→ **WHAT YOU WILL DO**: How many lines within the records include the word "GOLF"? Only that number should be given.

[[ EXTRACTED RECORDS, beginning ]]

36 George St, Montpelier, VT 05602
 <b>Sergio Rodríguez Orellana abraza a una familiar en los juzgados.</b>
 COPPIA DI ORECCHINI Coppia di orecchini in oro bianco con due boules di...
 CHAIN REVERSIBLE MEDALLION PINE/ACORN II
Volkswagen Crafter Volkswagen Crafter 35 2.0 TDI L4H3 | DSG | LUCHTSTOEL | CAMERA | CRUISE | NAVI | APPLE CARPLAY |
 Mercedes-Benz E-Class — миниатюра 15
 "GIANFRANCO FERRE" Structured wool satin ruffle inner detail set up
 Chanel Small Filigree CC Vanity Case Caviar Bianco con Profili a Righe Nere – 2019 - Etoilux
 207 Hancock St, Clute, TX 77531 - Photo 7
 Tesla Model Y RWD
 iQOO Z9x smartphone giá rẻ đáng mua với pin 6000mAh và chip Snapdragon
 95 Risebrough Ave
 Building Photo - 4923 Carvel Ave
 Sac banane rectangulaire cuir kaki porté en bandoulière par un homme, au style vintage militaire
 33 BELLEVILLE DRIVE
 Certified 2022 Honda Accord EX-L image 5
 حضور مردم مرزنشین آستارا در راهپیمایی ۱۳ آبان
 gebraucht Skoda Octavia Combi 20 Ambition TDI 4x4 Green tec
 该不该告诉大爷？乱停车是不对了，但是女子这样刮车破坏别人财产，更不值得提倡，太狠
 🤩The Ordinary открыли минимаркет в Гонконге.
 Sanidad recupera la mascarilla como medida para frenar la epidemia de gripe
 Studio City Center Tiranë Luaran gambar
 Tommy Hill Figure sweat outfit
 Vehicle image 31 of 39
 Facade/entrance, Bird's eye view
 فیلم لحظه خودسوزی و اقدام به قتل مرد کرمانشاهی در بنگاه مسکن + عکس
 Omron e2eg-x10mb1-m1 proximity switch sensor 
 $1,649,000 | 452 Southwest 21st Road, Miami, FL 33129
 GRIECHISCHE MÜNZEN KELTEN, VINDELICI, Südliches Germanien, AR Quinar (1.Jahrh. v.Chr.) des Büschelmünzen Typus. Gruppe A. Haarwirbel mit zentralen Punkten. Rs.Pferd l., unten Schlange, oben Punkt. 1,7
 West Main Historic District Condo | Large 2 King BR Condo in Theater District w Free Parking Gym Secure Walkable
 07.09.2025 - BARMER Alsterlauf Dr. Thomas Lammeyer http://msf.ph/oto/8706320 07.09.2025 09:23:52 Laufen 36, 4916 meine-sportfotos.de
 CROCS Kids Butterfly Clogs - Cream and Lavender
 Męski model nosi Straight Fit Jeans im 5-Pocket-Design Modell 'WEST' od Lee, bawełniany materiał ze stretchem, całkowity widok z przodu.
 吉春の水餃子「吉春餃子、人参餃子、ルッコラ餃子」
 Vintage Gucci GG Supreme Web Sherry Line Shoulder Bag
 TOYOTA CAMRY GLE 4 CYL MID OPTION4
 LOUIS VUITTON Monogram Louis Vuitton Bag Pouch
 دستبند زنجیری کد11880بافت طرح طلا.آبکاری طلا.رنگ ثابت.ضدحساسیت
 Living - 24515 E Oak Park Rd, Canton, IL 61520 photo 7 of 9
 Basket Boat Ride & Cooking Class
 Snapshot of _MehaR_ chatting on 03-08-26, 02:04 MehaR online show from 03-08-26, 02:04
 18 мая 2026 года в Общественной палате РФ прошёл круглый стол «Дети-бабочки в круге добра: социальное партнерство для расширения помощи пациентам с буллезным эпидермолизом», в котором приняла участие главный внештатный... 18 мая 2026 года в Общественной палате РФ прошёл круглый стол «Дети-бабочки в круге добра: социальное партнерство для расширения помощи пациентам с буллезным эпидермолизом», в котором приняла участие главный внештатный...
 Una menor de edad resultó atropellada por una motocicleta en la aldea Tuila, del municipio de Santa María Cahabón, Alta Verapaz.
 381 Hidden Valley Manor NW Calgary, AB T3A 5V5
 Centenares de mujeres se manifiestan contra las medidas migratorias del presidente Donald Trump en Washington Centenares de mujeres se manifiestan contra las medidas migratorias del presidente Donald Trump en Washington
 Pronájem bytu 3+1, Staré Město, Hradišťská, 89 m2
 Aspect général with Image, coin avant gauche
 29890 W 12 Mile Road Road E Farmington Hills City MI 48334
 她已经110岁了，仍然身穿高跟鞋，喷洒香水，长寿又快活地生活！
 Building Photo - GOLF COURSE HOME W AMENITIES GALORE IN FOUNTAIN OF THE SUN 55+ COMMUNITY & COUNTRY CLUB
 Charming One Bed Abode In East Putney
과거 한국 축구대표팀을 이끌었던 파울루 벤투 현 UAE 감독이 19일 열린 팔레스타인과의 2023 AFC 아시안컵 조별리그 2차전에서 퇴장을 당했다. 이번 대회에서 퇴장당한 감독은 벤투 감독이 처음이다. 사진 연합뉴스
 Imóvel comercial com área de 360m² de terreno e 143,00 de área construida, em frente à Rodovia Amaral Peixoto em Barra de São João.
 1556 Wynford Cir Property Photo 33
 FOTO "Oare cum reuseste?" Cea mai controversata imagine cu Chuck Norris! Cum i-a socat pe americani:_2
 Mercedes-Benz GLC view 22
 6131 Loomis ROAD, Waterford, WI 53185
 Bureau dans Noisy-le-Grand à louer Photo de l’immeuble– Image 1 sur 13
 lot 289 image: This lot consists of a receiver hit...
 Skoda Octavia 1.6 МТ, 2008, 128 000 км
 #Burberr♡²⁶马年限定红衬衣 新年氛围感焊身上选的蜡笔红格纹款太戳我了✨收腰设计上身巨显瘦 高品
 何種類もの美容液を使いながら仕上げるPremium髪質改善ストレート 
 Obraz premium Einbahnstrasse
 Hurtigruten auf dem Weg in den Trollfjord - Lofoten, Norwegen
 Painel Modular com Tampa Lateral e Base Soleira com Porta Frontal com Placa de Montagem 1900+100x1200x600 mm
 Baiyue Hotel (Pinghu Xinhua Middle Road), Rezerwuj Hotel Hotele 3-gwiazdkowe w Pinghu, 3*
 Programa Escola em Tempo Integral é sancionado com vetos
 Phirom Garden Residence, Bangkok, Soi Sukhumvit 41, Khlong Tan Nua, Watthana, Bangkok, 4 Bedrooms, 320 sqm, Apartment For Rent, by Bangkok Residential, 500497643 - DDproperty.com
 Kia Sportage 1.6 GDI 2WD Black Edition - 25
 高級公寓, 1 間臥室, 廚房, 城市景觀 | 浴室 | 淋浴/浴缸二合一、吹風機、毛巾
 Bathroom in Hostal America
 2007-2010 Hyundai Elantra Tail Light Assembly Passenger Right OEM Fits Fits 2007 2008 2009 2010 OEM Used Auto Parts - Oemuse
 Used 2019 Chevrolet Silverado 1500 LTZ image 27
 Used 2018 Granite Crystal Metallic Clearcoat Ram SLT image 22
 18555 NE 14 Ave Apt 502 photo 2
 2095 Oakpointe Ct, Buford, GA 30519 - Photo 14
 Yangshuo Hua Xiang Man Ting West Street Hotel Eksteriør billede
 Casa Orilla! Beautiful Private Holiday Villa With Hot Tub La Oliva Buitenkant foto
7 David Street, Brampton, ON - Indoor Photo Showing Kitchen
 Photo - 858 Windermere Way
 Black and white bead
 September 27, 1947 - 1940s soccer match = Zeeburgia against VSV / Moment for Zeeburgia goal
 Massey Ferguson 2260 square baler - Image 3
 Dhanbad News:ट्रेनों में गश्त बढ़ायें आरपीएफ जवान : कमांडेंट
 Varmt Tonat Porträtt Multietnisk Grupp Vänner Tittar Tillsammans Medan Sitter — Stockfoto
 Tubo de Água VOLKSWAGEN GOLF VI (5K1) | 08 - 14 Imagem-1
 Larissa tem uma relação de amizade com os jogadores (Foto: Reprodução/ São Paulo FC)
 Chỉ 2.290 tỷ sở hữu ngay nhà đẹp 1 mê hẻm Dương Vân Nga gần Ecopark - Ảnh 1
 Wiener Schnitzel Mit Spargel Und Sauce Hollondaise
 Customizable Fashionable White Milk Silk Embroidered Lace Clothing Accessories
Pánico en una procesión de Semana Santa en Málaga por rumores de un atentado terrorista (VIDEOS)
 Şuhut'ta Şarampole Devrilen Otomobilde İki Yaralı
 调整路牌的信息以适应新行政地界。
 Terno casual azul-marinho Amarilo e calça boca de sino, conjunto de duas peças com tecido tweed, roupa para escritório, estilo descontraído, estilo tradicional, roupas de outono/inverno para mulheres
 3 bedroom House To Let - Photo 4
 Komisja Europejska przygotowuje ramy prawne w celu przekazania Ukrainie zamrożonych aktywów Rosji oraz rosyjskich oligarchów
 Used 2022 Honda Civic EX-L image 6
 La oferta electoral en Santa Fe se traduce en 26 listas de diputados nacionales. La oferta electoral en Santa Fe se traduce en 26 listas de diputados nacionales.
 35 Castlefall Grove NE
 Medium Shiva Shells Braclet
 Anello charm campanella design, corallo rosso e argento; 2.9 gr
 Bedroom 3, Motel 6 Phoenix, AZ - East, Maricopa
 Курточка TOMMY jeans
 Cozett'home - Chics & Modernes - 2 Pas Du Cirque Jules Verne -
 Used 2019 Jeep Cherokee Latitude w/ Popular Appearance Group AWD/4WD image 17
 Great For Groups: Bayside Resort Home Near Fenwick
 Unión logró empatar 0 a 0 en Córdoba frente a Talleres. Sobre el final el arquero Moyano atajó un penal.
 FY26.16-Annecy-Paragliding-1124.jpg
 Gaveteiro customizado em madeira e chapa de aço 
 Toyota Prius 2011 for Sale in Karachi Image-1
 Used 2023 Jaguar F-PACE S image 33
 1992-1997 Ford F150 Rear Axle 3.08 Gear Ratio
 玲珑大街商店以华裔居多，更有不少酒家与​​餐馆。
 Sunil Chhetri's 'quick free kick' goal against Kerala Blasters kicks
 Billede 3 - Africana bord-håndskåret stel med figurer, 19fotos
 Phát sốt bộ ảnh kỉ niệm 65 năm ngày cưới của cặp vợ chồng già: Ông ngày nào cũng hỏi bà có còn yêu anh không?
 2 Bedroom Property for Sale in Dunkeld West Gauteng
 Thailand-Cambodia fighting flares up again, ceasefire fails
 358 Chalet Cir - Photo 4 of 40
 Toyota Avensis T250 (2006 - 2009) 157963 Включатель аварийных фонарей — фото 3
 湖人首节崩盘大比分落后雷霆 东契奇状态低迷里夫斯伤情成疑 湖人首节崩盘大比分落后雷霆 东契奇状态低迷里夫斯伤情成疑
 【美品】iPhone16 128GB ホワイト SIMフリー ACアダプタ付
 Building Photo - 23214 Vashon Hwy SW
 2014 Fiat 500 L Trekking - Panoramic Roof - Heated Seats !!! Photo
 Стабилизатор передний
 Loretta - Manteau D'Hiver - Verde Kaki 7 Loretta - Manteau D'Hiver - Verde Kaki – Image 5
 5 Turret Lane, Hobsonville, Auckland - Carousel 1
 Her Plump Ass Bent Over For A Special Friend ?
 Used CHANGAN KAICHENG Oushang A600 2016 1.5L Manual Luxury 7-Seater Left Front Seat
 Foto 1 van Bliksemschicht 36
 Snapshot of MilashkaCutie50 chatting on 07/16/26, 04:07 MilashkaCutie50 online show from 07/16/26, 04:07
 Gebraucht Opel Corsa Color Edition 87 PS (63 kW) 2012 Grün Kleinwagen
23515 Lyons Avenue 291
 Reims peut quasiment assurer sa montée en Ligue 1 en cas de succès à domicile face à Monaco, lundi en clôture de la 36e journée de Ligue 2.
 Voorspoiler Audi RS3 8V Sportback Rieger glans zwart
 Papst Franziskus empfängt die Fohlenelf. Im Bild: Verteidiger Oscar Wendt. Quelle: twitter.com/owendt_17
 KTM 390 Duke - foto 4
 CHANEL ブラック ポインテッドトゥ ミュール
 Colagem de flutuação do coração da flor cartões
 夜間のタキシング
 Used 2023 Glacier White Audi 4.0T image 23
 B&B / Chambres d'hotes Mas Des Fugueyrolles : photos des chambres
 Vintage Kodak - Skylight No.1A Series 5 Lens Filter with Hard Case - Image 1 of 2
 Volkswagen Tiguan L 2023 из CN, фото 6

[[ EXTRACTED RECORDS, end ]]

→ **ANSWER FOR THE TASK**: 2